Seis meses después de la torrentada que mató a 13 personas en el Llevant de Mallorca, los vecinos de Sant Llorenç des Cardassar, el pueblo con el que se ensañó el diluvio, no pueden olvidar el miedo que pasaron aquel 9 de octubre ni la ola de solidaridad que después les ayudó a recuperar casas y negocios.

Arthur Robinson y su madre, Joana Lliteras, Bernat Estelrich, Rafel Gili, Joana Ballesteros, Gabriel Mesquida, Joan Grande, Andreas Körlin, Tine Noig y los matrimonios Delia y Anthony Green y Petra y Mike Kircher murieron ese martes arrastrados por el fango en la mayor catástrofe natural de la historia reciente de Baleares.

En Sant Llorenç, el torrente que en otoño sembró el pueblo y toda la comarca de destrucción está limpio y seco esta primavera. Aún hay viviendas en reparación y una que quedó en ruinas ha dejado paso a un solar que ampliará una plaza donde el Ayuntamiento planea instalar algún recuerdo permanente de la tragedia.

La calle en la que vive Aina estuvo tras la riada tomada por una multitud afanosa de soldados, agentes de cuerpos de emergencia y voluntarios. Hay varias casas clausuradas por obras, pero ella, con 87 años, sigue en la suya, por la que se desplaza con un andador que le da la autonomía justa para desenvolverse sola.

Se angustia al recordar con detalle cómo aquella tarde, cuando la casa comenzó a anegarse, subió a duras penas cinco peldaños hasta el rellano de una escalera interior y se sentó agotada sobre el octavo escalón mientras el lodo ascendía metro y medio sobre el suelo.

Tiene una laguna de memoria sobre el tiempo que pasó esperando la ayuda que finalmente le prestaron sus hijos, pero cree que la Virgen la amparó y también recuerda la ayuda que recibió después, que le ha permitido volver a habitar su casa.

Un poco más arriba en la calle trabaja otra Aina, una mujer más joven que regenta la cristalería familiar, donde la torrentada "se lo llevó todo", materiales, máquinas y vehículos.

Visto hoy, nadie diría que el negocio estuvo a punto de perderse. "Es un palo, te quedas sin nada (...), pero no hemos querido parar", explica la empresaria, que junto a su personal mantuvo la actividad desde el día 10, limpiando y habilitando su establecimiento con el empuje de cientos de brazos profesionales y voluntarios y ayudando en paralelo a vecinos que tenían que reemplazar ventanas perdidas.

Le brillan los ojos cuando rememora que el día 12 de octubre a algunos soldados de la Unidad Militar de Emergencias cuando, apenas amanecido, empezaron a tomar el pueblo miles de voluntarios llegados de toda Mallorca que convirtieron aquella jornada en una multitudinaria demostración colectiva de solidaridad. "Me acuerdo de ese día", subraya.

Ángela, que tiene una panadería a escasos metros del torrente, está muy agradecida por la ayuda externa y la de sus vecinos. "Todo el pueblo se ha volcado", resalta esta ecuatoriana afincada desde hace años en Sant Llorenç.

"Poco a poco nos estamos levantando", dice en un establecimiento completamente rehabilitado donde relucen un horno y unas neveras recién estrenadas.
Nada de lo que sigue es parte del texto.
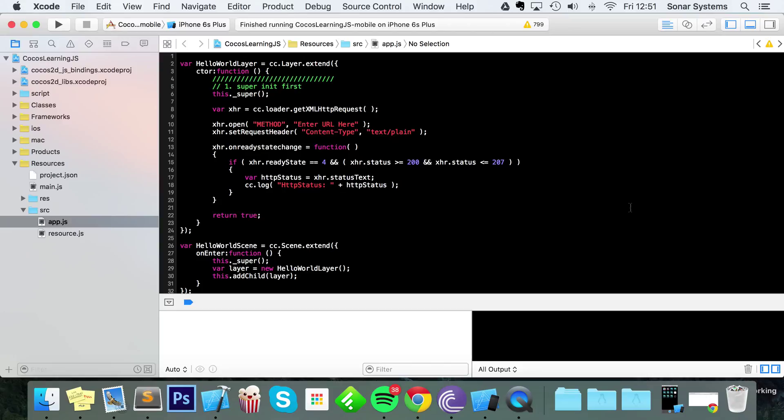Hello, in this video we're going to show you how to use the POST request in Cocos2d-x JavaScript, which allows you to send some data.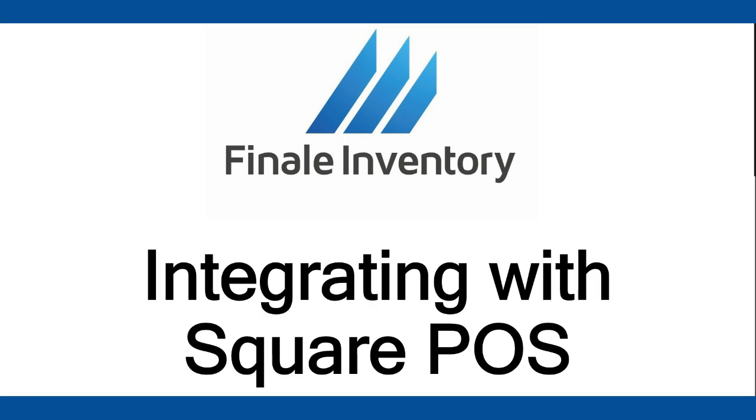Hello, this is Mike Kroger, Finale Inventory. In this video, we're going to demonstrate an exciting new integration with Square POS.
Asegura que nunca perdió la esperanza porque tiene "fe en Dios", aunque cuando se remonta a la mañana del 10 de octubre del año pasado le viene a la cabeza una imagen bíblica: "Parecía el fin del mundo".

Cerca, casi encajado en el cauce, está el hogar de Pere, quien la tarde-noche en que el agua rebasó el nivel de la cochera y subió más de metro y medio en la planta principal se refugió con su esposa y dos nietos en la boardilla.

Todo el interior de la vivienda, del sistema eléctrico a los muebles, ha tenido que ser rehecho, pero él lo explica con estoicismo, al fin y al cabo ha contado con ayuda, tanto oficial como improvisada, y su familia no ha sufrido una desgracia como la de su amigo Bernat, uno de los fallecidos.

Ningún detalle de la noche del 9 al 10 de octubre parece haberse perdido en la memoria de Raúl, dueño con su esposa Juana Mari del bar restaurante Sa Cova, a la entrada del pueblo, que se convirtió en el centro de operaciones del dispositivo de emergencias.

A partir de aquella madrugada, en Sa Cova se sirvieron unos 9.000 cafés y miles de bocadillos a guardias civiles, policías, bomberos, personal de emergencias y periodistas, un trabajo extenuante del que Raúl no se queja, porque le ha reportado el cariño de algunos de aquellos profesionales que pasan a verle de tanto en tanto e incluso de la familia de Arthur, el niño cuya búsqueda durante ocho días añadió un dramatismo cruel a la catástrofe.